Certo, anche The Hateful Eight può sembrare un film politico visto che nessuno come Tarantino ha il coraggio di scavare nel ventre del sentimento americano. «Considero più politico Django Unchained e Bastardi senza gloria, ha dichiarato Quentin Tarantino, però qui sicuramente c’è il racconto dell’ipocrisia, sembra quasi una metafora della lotta senza esclusione di colpi fra democratici e repubblicani. Certo è uno dei miei film più scritti, più sceneggiati. I personaggi parlano tantissimo e in effetti, come generi, ci ho messo dentro tutto ciò che amo, dal giallo, al western, all’horror, in pratica ho realizzato cinque film in uno». Il film è dominato dai dialoghi. E gli otto sono impegnati a raccontare storie che per la maggior parte delle volte ingannano gli altri personaggi e servono a vendicarsi e a diffondere violenza.

«È una partita a scacchi», racconta Kurt Russel che interpreta John il “Boia”, che passa tutto il tempo del film attaccato alla sua preda, la fuorilegge Ruth (Jennifer Jason Leigh, l’unica tra gli attori candidata agli Oscar. «Una tessitura di ragno che man mano i personaggi tessono gli uni sugli altri. Secondo me è anche una metafora politica. Tutti in America conoscevano questo posto, unico, dove si consegnavano i fuorilegge per avere giustizia e un processo, e il fatto che poi il film, la storia, riveli quanto possa essere falsa anche questa visione della giustizia americana, rende la storia ancora più forte, più incisiva». «Però – interviene Michael Madsen – secondo me i film di Quentin Tarantino, possono essere guardati con occhi diversi, sia con un punto di vista più politico e sociale sia come puro ed assoluto grande divertimento».

Il film è costato molti milioni di dollari anche perché, come afferma lo stesso Tarantino «abbiamo avuto tantissimi problemi con il clima. Volevamo uno scenario spietato e spettacolare e l’abbiamo trovato a Telluride, dove abbiamo ricostruito la posta della diligenza dove si rifugiano i nostri protagonisti, ma purtroppo non arrivava questa grande nevicata che nel film doveva rappresentare il mostro dei film horror, quello che ti tiene bloccato in casa e che scatena qualcosa di ancora più orribile, e per questo abbiamo dovuto ritardare, abbiamo persino partecipato ad una manifestazione della popolazione con tutto il cast per “chiamare” la neve».

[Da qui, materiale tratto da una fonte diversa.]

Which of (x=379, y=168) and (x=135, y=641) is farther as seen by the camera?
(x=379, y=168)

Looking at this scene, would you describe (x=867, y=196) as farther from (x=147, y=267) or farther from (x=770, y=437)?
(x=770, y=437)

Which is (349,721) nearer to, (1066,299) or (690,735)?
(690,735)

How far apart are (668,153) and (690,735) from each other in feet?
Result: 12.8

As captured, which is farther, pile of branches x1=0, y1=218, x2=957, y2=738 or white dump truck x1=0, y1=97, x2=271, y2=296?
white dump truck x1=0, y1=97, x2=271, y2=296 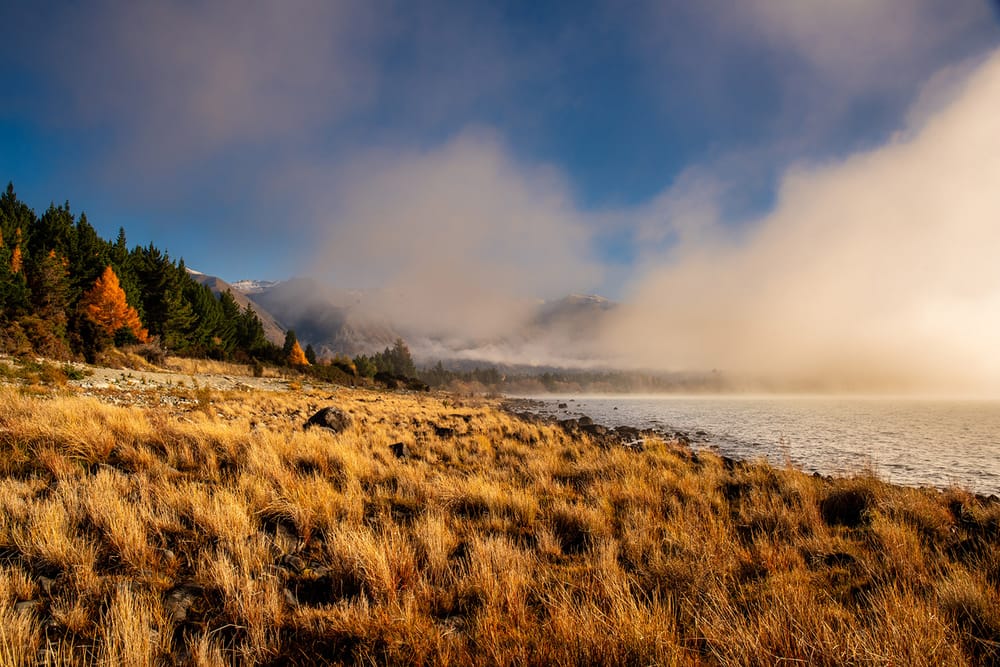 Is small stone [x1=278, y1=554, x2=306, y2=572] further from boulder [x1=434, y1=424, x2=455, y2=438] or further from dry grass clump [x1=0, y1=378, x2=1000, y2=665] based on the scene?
boulder [x1=434, y1=424, x2=455, y2=438]

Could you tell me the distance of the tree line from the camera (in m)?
26.7

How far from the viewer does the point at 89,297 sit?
3884 centimetres

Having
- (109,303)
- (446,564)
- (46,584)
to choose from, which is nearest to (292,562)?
Answer: (446,564)

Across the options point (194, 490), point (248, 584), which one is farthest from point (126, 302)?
point (248, 584)

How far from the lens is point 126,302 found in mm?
41906

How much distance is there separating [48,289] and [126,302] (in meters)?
12.4

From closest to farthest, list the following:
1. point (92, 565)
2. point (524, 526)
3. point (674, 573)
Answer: point (92, 565) < point (674, 573) < point (524, 526)

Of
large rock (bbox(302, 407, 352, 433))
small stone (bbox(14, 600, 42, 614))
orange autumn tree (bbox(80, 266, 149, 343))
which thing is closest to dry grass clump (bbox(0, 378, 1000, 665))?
small stone (bbox(14, 600, 42, 614))

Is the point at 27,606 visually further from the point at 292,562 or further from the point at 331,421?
the point at 331,421

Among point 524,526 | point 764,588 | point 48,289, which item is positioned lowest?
point 524,526

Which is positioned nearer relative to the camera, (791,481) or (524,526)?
(524,526)

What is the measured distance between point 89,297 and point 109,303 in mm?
1976

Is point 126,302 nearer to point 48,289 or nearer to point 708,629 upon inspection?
point 48,289

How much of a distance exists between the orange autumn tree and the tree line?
7 cm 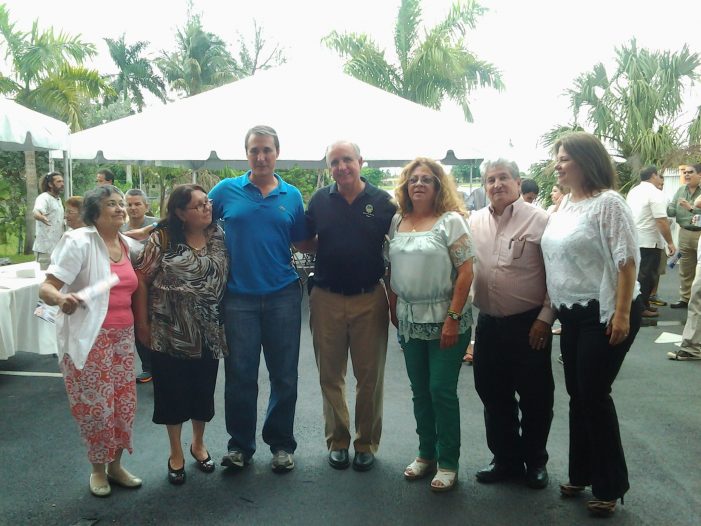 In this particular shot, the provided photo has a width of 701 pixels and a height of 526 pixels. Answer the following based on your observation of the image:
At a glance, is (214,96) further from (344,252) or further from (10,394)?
(344,252)

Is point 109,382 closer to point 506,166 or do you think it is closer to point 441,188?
point 441,188

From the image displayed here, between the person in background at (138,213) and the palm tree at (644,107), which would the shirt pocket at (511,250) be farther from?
the palm tree at (644,107)

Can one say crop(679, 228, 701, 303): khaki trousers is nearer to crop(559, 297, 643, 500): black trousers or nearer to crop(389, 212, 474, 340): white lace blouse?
crop(559, 297, 643, 500): black trousers

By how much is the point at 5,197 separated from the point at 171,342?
1566cm

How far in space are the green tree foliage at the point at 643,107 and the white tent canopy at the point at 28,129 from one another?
10227 mm

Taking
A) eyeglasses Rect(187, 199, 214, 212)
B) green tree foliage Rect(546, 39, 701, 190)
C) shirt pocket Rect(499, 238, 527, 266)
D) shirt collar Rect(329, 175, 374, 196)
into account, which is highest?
green tree foliage Rect(546, 39, 701, 190)

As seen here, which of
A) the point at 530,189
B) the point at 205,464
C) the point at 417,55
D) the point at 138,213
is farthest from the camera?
the point at 417,55

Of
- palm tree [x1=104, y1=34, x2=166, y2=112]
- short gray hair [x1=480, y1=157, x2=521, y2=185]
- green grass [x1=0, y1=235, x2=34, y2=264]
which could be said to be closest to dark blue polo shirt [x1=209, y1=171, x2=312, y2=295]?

Il regista poi torna sull’uso della pellicola al posto del digitale: «Secondo me non ha paragoni la bellezza di un film in pellicola rispetto al digitale è per questo che ho voluto anche in Italia, nei primi quindici giorni in cui il film resterà a Cinecittà, dare la possibilità a tutti di vedere un film in pellicola». Proprio a Cinecittà, allo Studio 5 ieri il film è stato proiettato in anteprima.

Da Ennio Morricone (in corsa per l’Oscar insieme al direttore della fotografia), solo poche parole: «Ho fatto per Tarantino una musica drammatica che non può sfuggire ad un orecchio attento, basta ascoltare il timbro dei due fagotti, quello delle trombe e poi le voci. Ma in questa musica c’è anche molta ironia».

A distribuire il film di Tarantino sono i figli di Sergio Leone con la Leone Group in collaborazione con Raicinema. «Sono molto felice – ha raccontato Raffaella Leone, seduta al fianco di Tarantino – Non è stato facile togliere alle major The Hateful Eight ( che uscirà in 600 copie il 4 febbraio), ma proprio in ricordo di mio padre e dell’amore che aveva per il cinema, riuscire in questa impresa e distribuire un film geniale che a papà sarebbe piaciuto molto, mi rende molto orgogliosa».